In early August 2015, Samsung Vietnam unexpectedly announced the project on expanding its factory in Bac Ninh province worth $3 billion. The move will raise the South Korean investor’s total investment in the ‘tech town’ of Bac Ninh to $7.5 billion.
As such, with two production complexes in Bac Ninh and Thai Nguyen provinces, Vietnam now acts as Samsung’s largest production base in the globe, where 30 percent of the group’s mobile phones are made.
The total investment capital in Vietnam committed by Samsung has climbed to $14 billion, while the group now employs 110,000 workers.
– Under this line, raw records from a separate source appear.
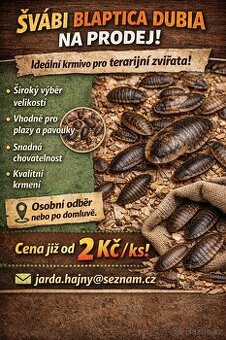 Šváb Blaptica dubia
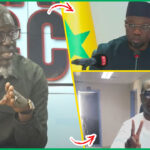 (Vidéo) Faram Facce: Tahirou Sarr « Litax Ma Regretté Lima Voté Pour Tégui Immunité Farba Ak Tahirou Sarr… »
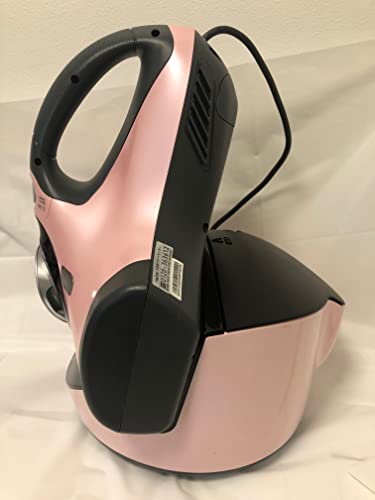 RAYCOP RT フェアリーピンク RT-300JPK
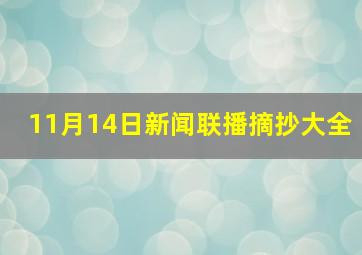 11月14日新闻联播摘抄大全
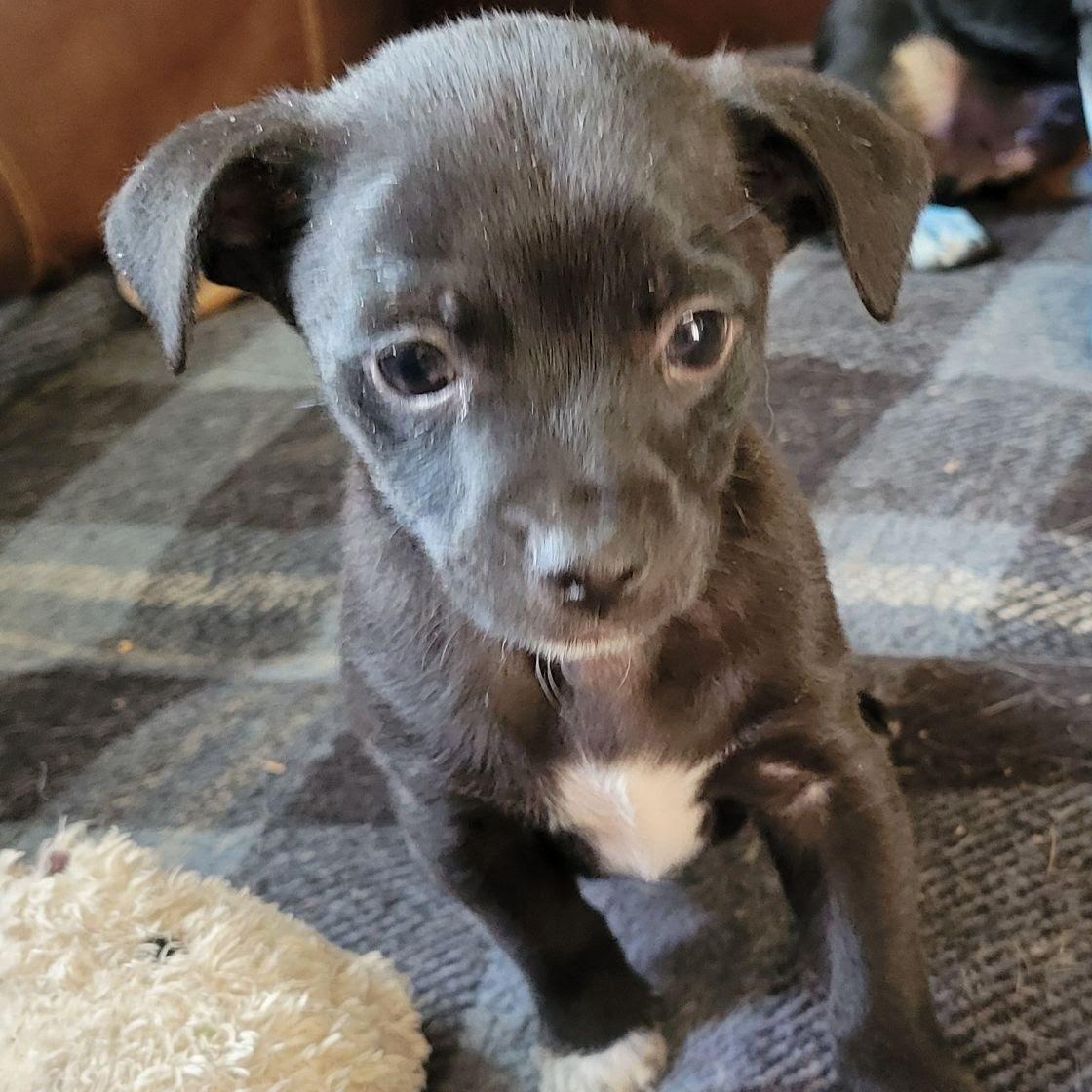 Enlarge Pip, a Adoptable mixed breed in Marysville, WA image 2/3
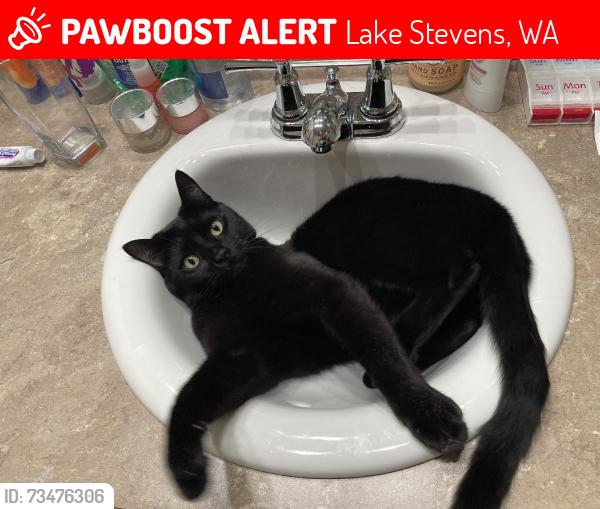 Lost Male Cat last seen Cavalero Ridge, Lake Stevens, WA 98258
It reported total turnover of $26.3 billion by the end of 2014, while the figure is expected to surge to $30 billion by the end of 2015.
The Wall Street Journal has reported that foreign textile and garment investors have been flocking to Vietnam to set up factories where they hope they can take full advantage of the Trans Pacific Partnership (TPP), and a local cheap and young labor force. Nam Dinh, Ha Nam and Hung Yen have been eyed by foreign investors as their investment destinations.
Huyndai, LG, Intel, Nokia – Microsoft, Canon, Sony, Posco, Doosan and Kumho Asiana all have poured big capital into their projects in Vietnam, while some are considering relocating their global production bases to Vietnam.
In March 2015, LG spent $1.5 billion on a new factory in Hai Phong City which specializes in assembling TVs, mobile phones, washing machines and air conditioners which will be provided to the global market.
Intel last May decided to relocate some links of its production chain from Kulim in Malaysia to HCM City, Vietnam and China in an effort to cut labor costs.
Most of the US and Japanese large electronics manufacturers are located in Vietnam, which gives Vietnam another incentive to strive to the Number 1 position in South East Asia’s electronics industry.
The Financial Times, in an article published recently, commented that Vietnam is gradually replacing China as the world’s factory, becoming a rising star in emerging markets.
Phap Luat Viet Nam has quoted experts as saying that Vietnam now has natural and socially favorable conditions to become the world’s new manufacturing center in the next 20 years.
Deputy Governor of the State Bank Nguyen Kim Anh noted the investment wave shift showed that China can no longer work as the world’s factory.
Japan’s outward investment has been heading for Vietnam with 60 percent of surveyed Japanese enterprises planning to make investment in Vietnam in 2015 and upcoming years.